3. It fully realizes the world laid out in the original.
The Terminator posits a world controlled by machines, but it’s not until T2 that we actually see that world fleshed out fully, present and future. See, T1 was all about the night that Sarah Connor became a target, but T2 sees the repercussions of it all. Sarah’s institutionalization, John’s orphaning, nightmarish depictions of judgment day (scientists voted it the most accurate cinematic depiction of a nuclear detonation to date) and the butterfly effect style changing of fate that permeates the Connors’ lives are things that just weren’t possible before. T2 is the rare example of a sequel that somehow grows more highbrow than its predecessor.
4. It had a record-breaking budget.
Just because something costs more doesn’t make it the best, but the $102 million final budget of T2 did make it the most expensive movie ever made at that time. Cameron himself would outdo that record in his next three films (True Lies, Titanic and Avatar) but, when you adjust for inflation, no R-Rated movie has outperformed T2 even to this day.
5. James Cameron fucking killed it.
Terminator was only Cameron’s second feature-length film at that point. For reference, the only movie he’d done up until then was a rather bad B-flick called Piranha Part Two: The Spawning… starring nobody you’ve ever heard of. After The Terminator, however, he went on to direct Aliens and The Abyss which were well received and remain respected.

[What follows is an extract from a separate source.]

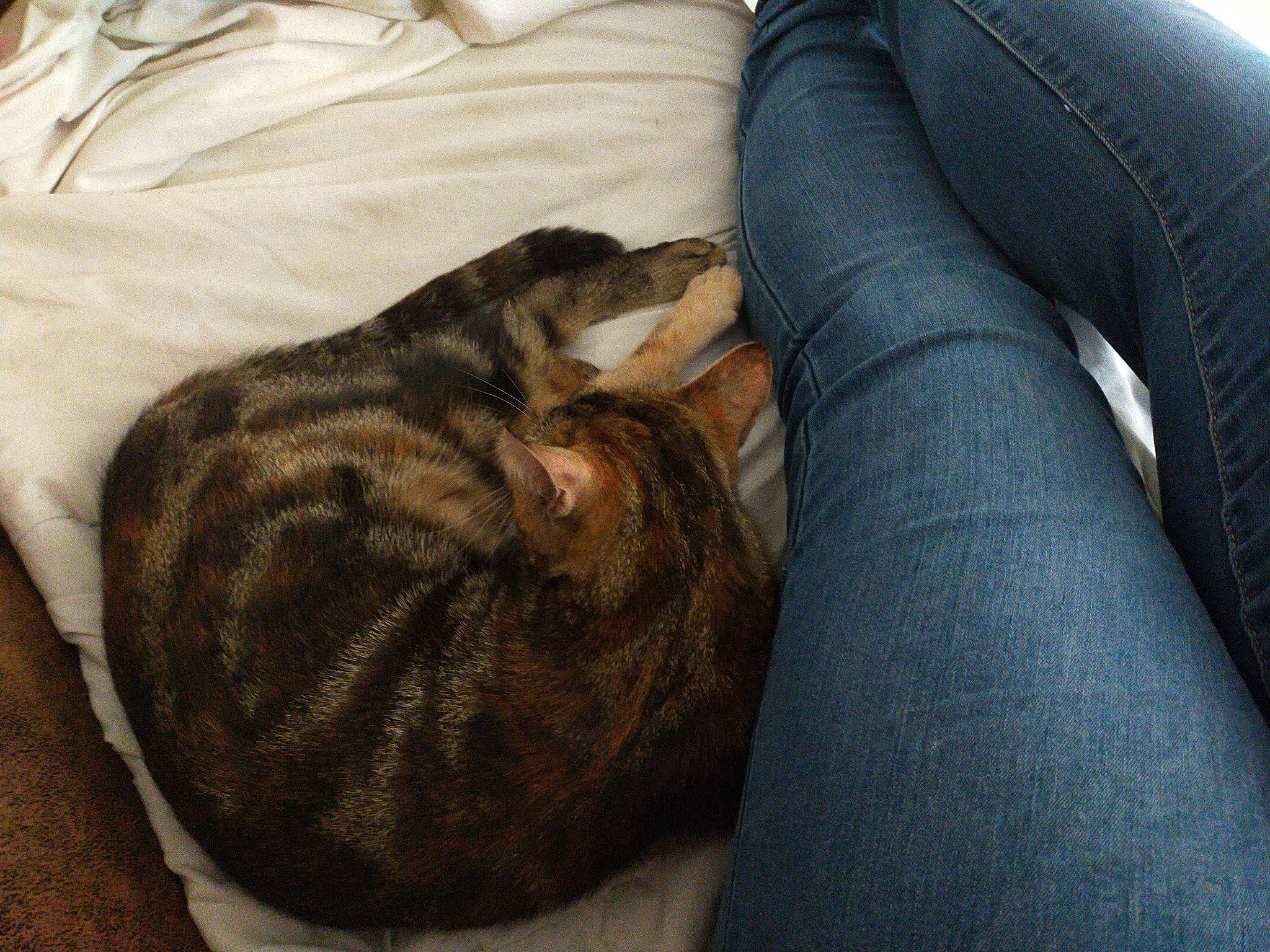 Poupousse participe au concours pour gagner de l'argent avec cette photo : carnivore, cat, comfort, companion_dog, couch, denim, dog_breed, domestic_short_haired_cat, fawn, felidae, fur, grey, human_leg, linens, small_to_medium_sized_cats, studio_couch, tail, textile, thigh, whiskers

Cameron’s own growth as a storyteller and filmmaker are evident in T2, giving fuller personality to the characters and rounding out the universe he created in the first film. His creative choices are evident across the board and he was even wise enough to acquiesce to other opinions in terms of scene choices, what to cut and how to end it. He also earned $5 million for his work on the film and, in our opinion, he was worth every penny.